_Exercise description_
Retype exactly the lines that run from the start of the data to the line holding "PORADNIA ZDROWIA PSYCHICZNEGO", including both, and only those.

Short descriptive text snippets
--*--
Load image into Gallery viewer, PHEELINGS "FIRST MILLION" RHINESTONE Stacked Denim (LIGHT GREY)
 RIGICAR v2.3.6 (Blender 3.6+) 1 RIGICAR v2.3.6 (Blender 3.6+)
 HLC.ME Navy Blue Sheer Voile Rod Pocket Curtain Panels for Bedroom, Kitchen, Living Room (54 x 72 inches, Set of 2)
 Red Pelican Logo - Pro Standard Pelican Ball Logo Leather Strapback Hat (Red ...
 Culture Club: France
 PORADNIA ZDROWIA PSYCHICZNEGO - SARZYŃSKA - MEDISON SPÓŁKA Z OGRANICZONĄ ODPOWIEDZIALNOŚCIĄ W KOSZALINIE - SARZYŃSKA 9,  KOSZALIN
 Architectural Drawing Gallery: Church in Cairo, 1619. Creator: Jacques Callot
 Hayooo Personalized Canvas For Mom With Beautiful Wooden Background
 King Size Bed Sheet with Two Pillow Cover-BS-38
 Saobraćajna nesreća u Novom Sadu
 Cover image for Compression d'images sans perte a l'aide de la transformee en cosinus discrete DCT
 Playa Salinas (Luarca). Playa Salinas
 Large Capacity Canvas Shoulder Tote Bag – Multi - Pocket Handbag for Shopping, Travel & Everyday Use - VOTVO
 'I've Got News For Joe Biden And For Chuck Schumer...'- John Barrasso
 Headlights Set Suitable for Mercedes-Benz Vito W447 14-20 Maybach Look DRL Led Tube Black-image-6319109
--*--
_Task result_
Load image into Gallery viewer, PHEELINGS "FIRST MILLION" RHINESTONE Stacked Denim (LIGHT GREY)
 RIGICAR v2.3.6 (Blender 3.6+) 1 RIGICAR v2.3.6 (Blender 3.6+)
 HLC.ME Navy Blue Sheer Voile Rod Pocket Curtain Panels for Bedroom, Kitchen, Living Room (54 x 72 inches, Set of 2)
 Red Pelican Logo - Pro Standard Pelican Ball Logo Leather Strapback Hat (Red ...
 Culture Club: France
 PORADNIA ZDROWIA PSYCHICZNEGO - SARZYŃSKA - MEDISON SPÓŁKA Z OGRANICZONĄ ODPOWIEDZIALNOŚCIĄ W KOSZALINIE - SARZYŃSKA 9,  KOSZALIN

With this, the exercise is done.